O primeiro julgamento não chegou ao fim devido a que o único acusado, Héctor Febres, morreu antes de ser proferida a sentença, em 2007, e o segundo concluiu-se m 26 de Outubro de 2011 com 16 condenações a prisão perpétua, penas entre 18 e 25 anos e duas absolvições.

Houve dor entre os sobreviventes por aqueles companheiros que viram o início do julgamento, mas morreram por causas diversas antes da sua conclusão. Ainda assim a decisão do tribunal superou as expectativas de boa parte dos familiares e dos sobreviventes. Morreram também sem verem este momento histórico Mães e Avós da Plaza de Mayo, e hoje eram recordadas por entre a alegria em tempos em que se vive um retrocesso na justiça e nos direitos humanos.
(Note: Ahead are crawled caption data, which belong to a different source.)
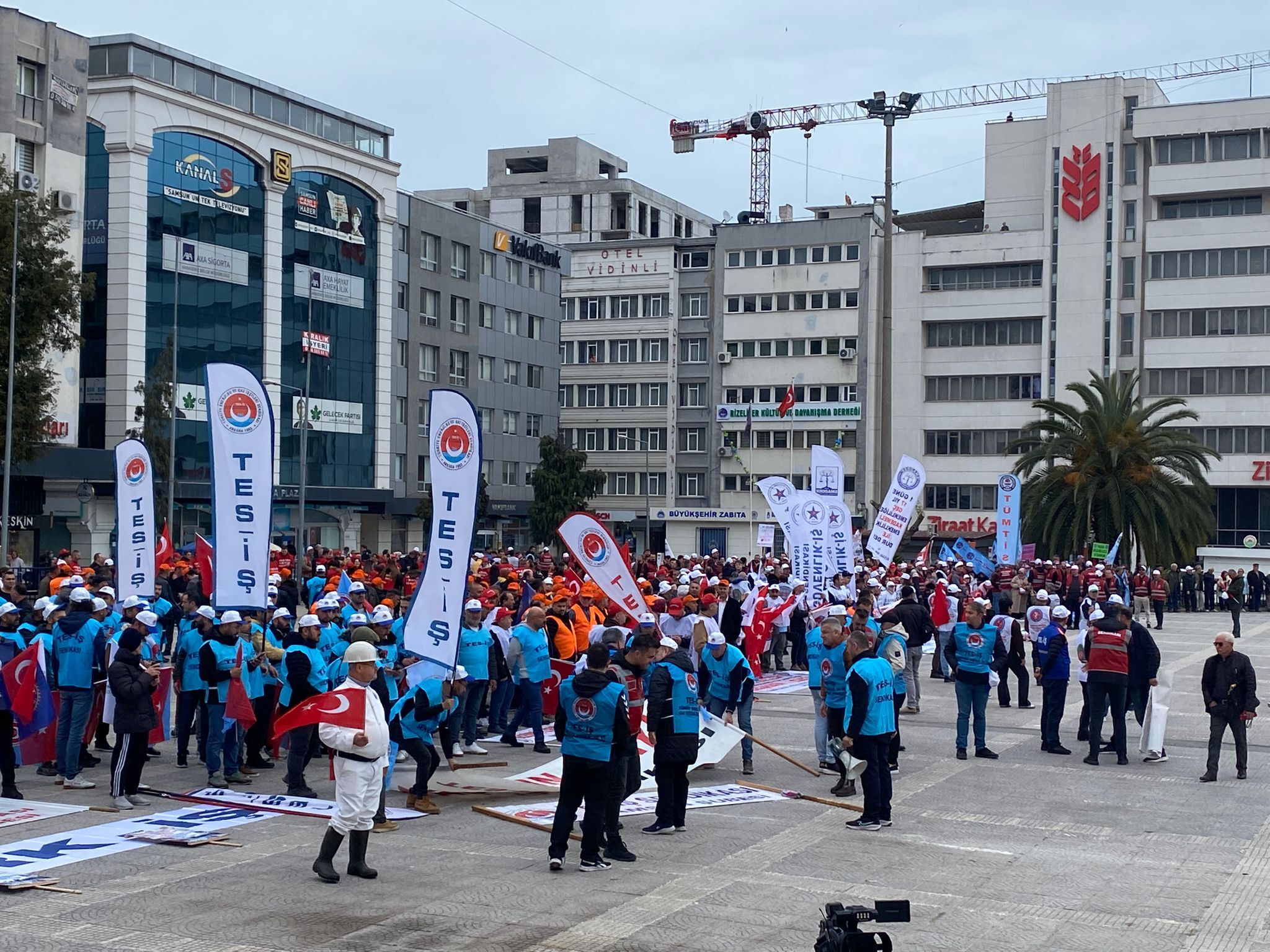 samsun haber: Samsun'da yağmur altında 1 Mayıs coşkusu! İşçiler taleplerini haykırdı 
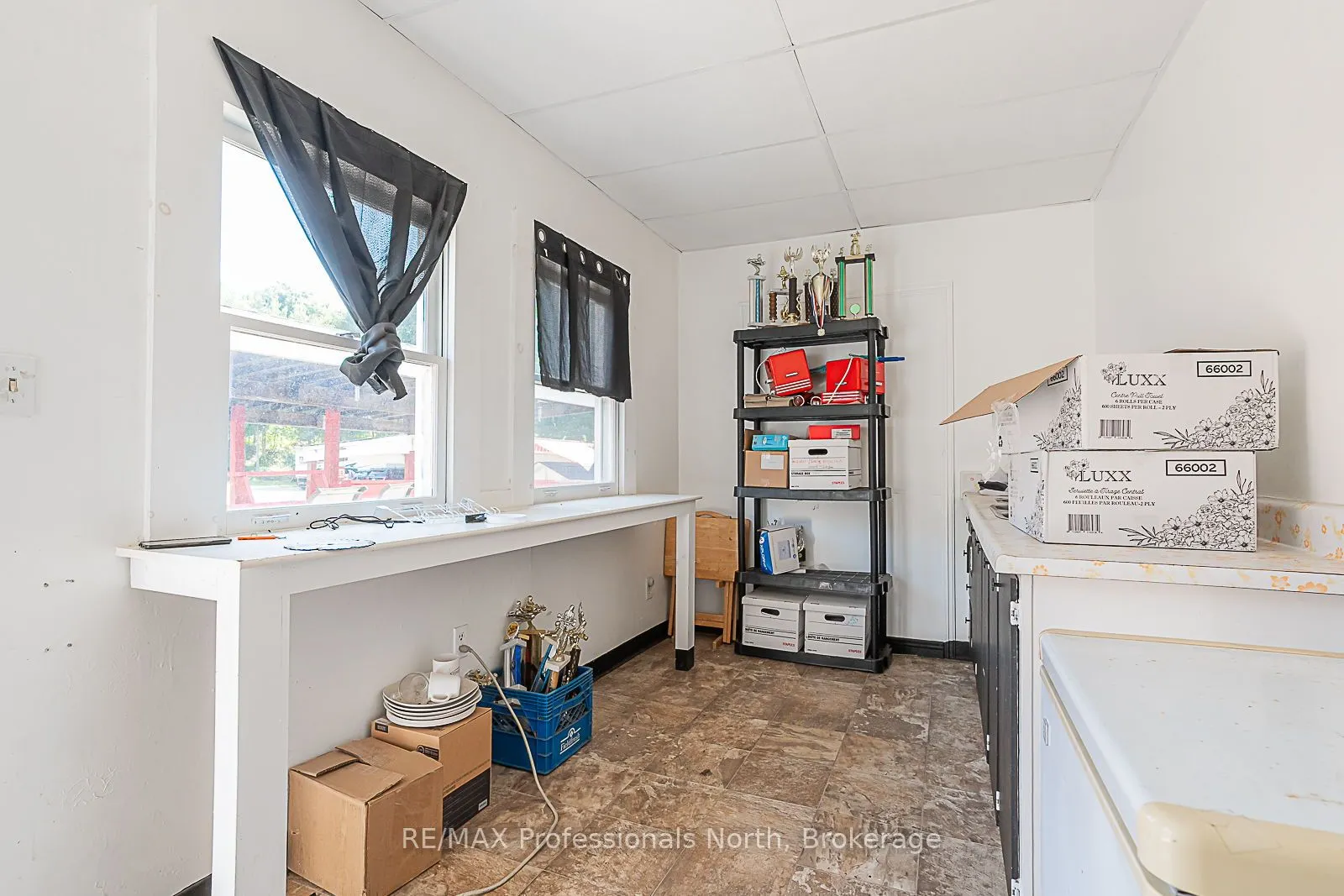 1063 RAVINE Road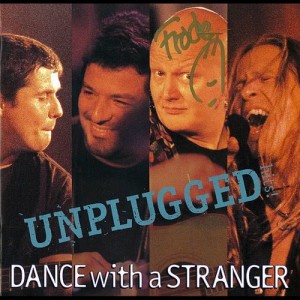 收聽Dance With A Stranger的Lovers In The Night歌詞歌曲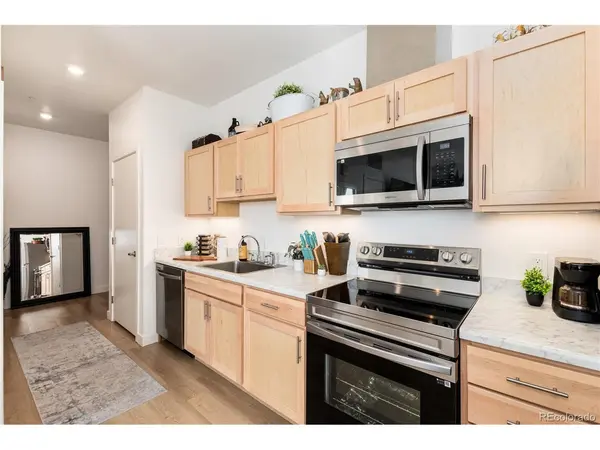 5702 Central Park #306, Denver, CO 80238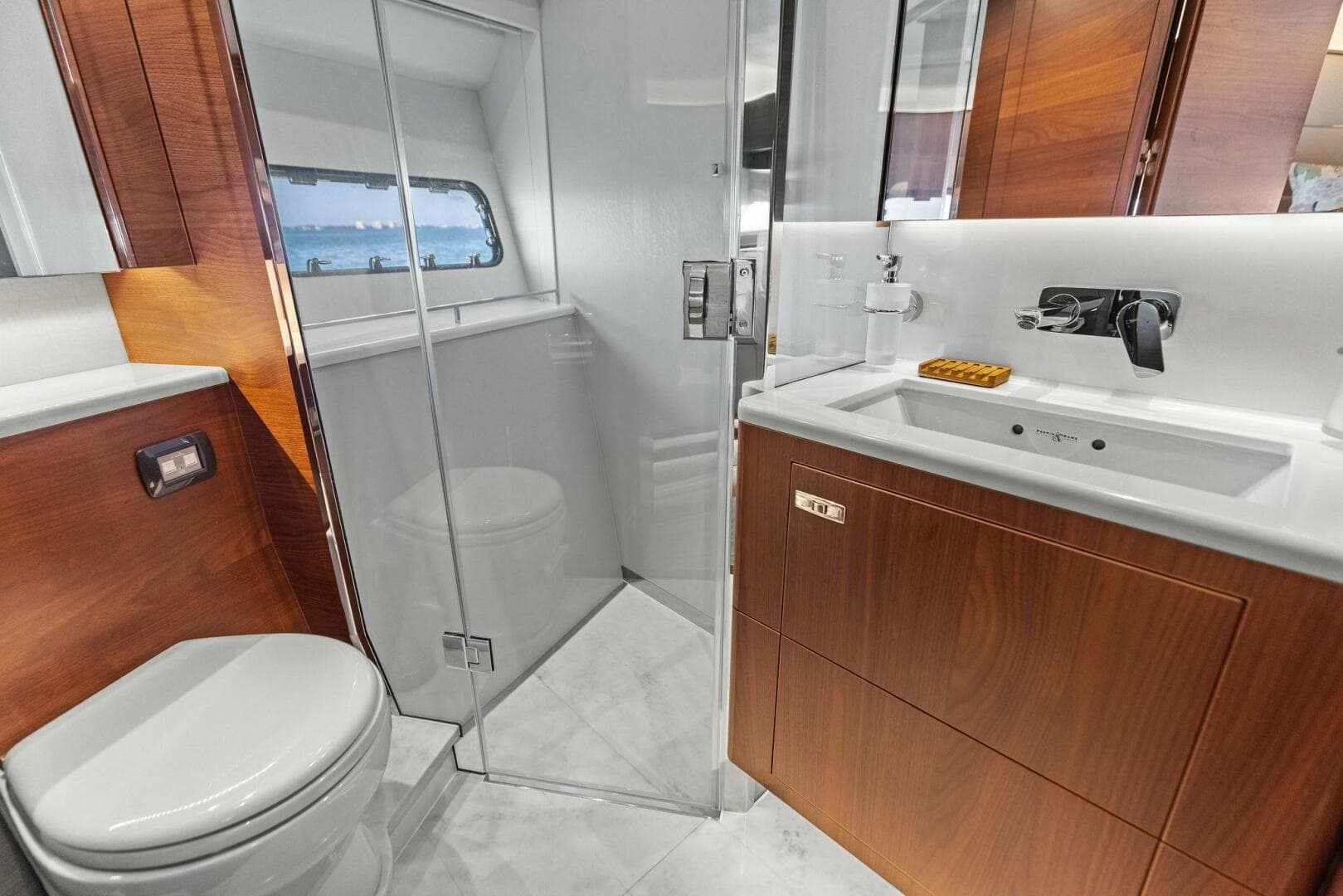 2018 Princess Y75 — photo 36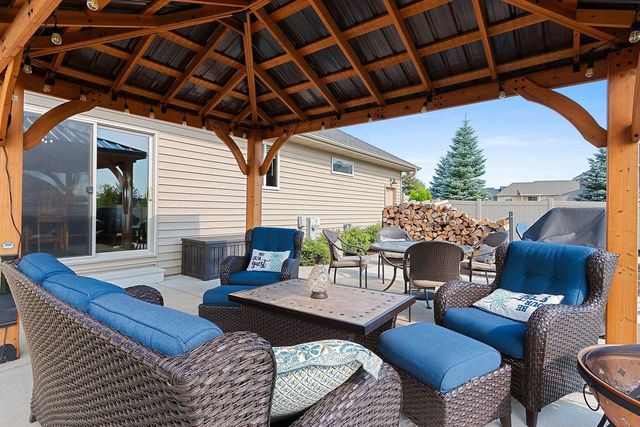 512 PEBBLESTONE CIRCLE, Hobart, WI 54155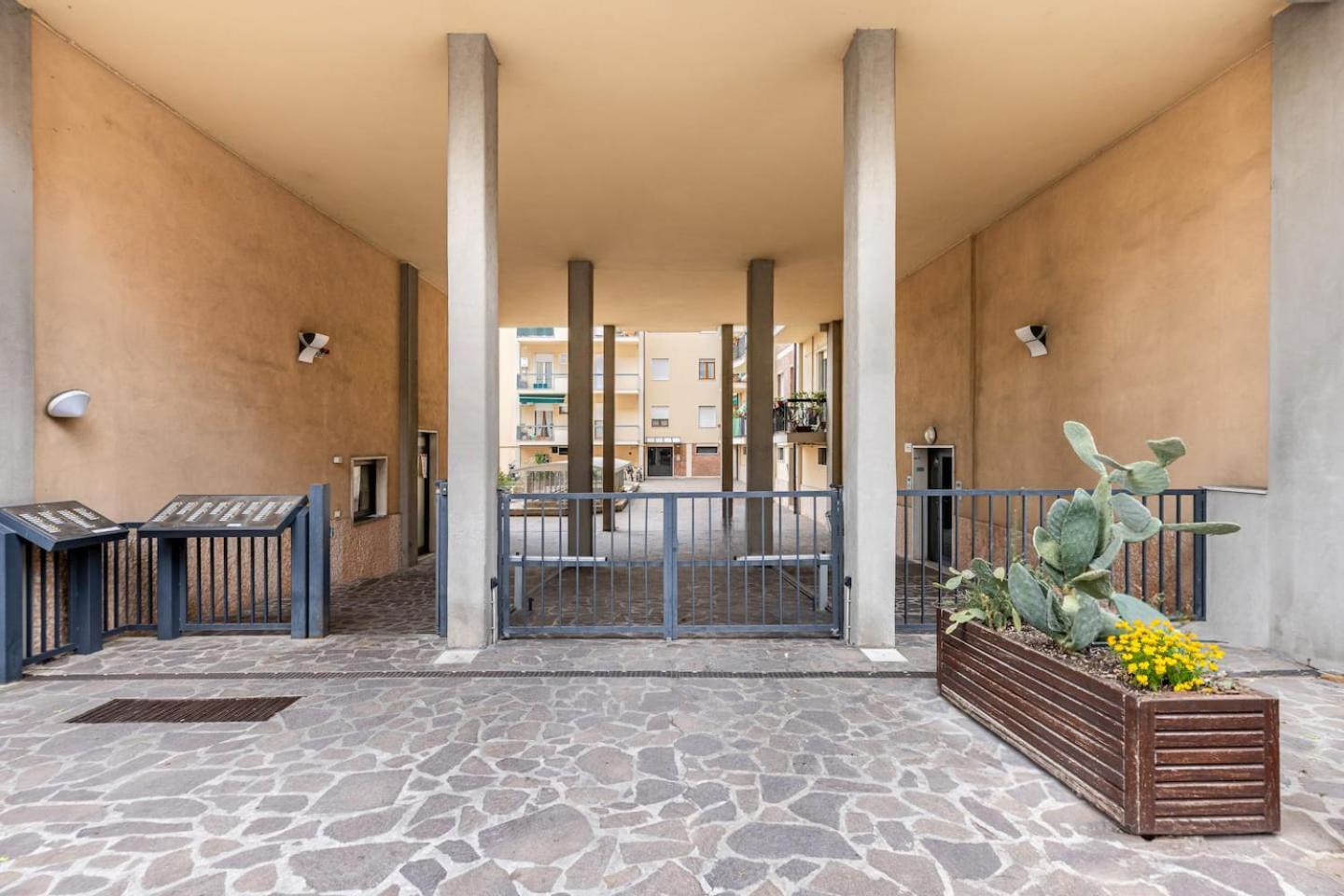 Casa Peppino Verona Apartment ภายนอก รูปภาพ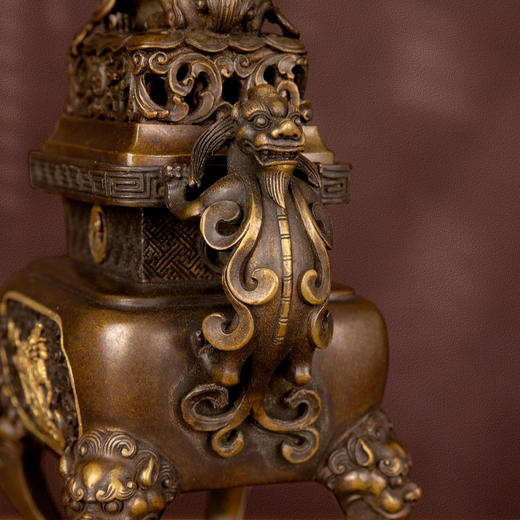吉祥古法香炉 带座螭龙耳双狮戏球熏炉 商品图3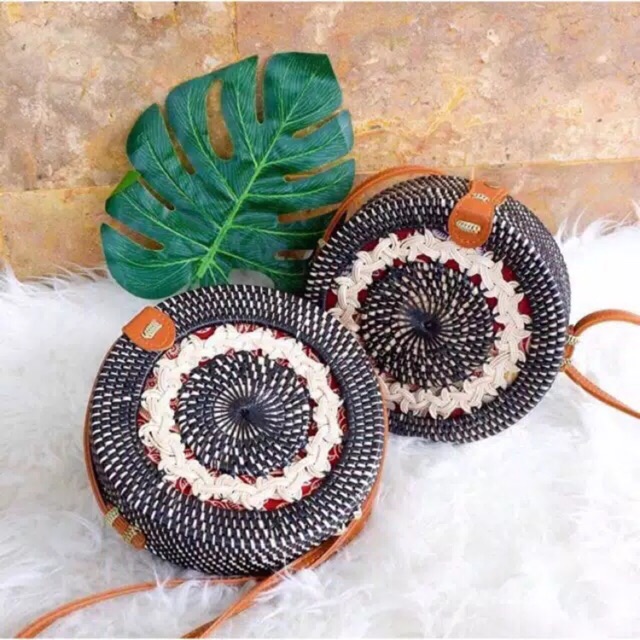Tas Selempang  Rotan Gendis SALE Hitam 20cm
Havia temor de que declarações do governo de Mauricio Macri e de vários funcionários influenciassem os juízes.

O julgamento de ESMA III iniciou-se em 2012 e foram analisados 789 delitos de lesa humanidade, entre eles vários casos referidos aos denominados voos da morte.

É a primeira vez que a justiça de um Estado processa uma causa de tal magnitude e duração por crimes de lesa humanidade, uma vez que para analisar casos como os genocídios do Ruanda e a ex. Jugoslávia se constituíram tribunais internacionais, assinalou Alejandra Dandán, a jornalista de Página 12 que acompanhou praticamente todos os julgamentos.

Numa recente falha, a Sala I da Câmara de Casación retirou a acusação a oito ex. polícias federais por crimes de lesa humanidade cometidos entre 1976 e 1977, com o argumento de que poderiam não saber que integravam uma estrutura empenhada em repressão ilegal.

Neste julgamento ficou provado o uso de aviões Skywan nos voos da morte, e que em 14 de Dezembro de 1977 se realizou el voo do qual foram lançadas ao mar, estando vivas e drogadas, as freiras francesas Alice Domon e Leonie Duquet, e as fundadoras de Madres de Plaza de Mayo, Azucena Villaflor, Esther Ballestrino de Careaga e Mary Ponce de Bianco.

Durante o governo do ex. presidente Néstor Kirchner (2003-2007) a ESMA foi recuperada para os organismos de direitos humanos transformou-se num lugar de Memoria, além de serem preservados vários dos seus locais, especialmente o que foi o Casino de Oficiais, onde funcionou a mais terrível estrutura desse centro onde dezenas de detidos morreram torturados. 

Também o caso de Dajmar Hagelin, uma jovem sueca que ia visitar uma amiga que pertencia a uma organização política revolucionaria, que foi assassinada por Astiz e cujo corpo foi feito desaparecer. Ninguém esquece que foi Astiz quem se infiltrou entre as Mães, quando em 1977 davam os primeiros passos na luta por seus filhos, e as entregou beijando-as uma a uma na igreja de Santa Cruz, de onde as levaram para lhes dar desaparecimento.

Este foi um dia muito complicado, dado que além do mais o governo aumentou as pressões sobre o juiz que investiga o assassínio do jovem mapuche Rafael Nahuel, em Río Negro, e criticou a sua forma de dialogar com a comunidade indígena.

O que transpirou da intervenção de Macri é muito grave, porque disse além disso que os prefeitos não deveriam ter tentado comunicar para pedir autorização antes de abrir fogo com balas de chumbo: deveriam tê-lo feito sem consultar. Até agora existia tanta suspeita em relação às forças de segurança como em relação aos delinquentes. Necessitamos de eliminar esse traço cultural, assegurou o presidente.

Reclamou: há que regressar à época em que dar a voz de alto significava que se entregar. Mais grave ainda foi ficar-se a saber que o Ministério de Segurança emitiu uma resolução que permite às forças federais ignorar as ordens dos juízes quando considerem que não são legais. Para os organismos de direitos humanos isto constitui uma forma de retorno ao terrorismo de Estado.

Com uma multitudinária marcha que congregou umas 300 mil pessoas frente ao Congresso Nacional as principais centrais sindicais rejeitaram a reforma laboral, orçamental e tributaria que o governo de Macri impulsiona, e propuseram ampliar a unidade para lutar contra o forte ajustamento que o governo tenta e a nova vaga de despedimentos que anuncia.

Na manhã desta quarta-feira prestou juramento como senadora, com outros 23, a ex. presidente Cristina Fernández de Kirchner, ao mesmo tempo que continua a busca desesperada do submarino ARA San Juan, e o porta-voz da Armada, Enrique Balbi, negou que tenha sido hoje localizado, como asseguraram alguns meios de comunicação.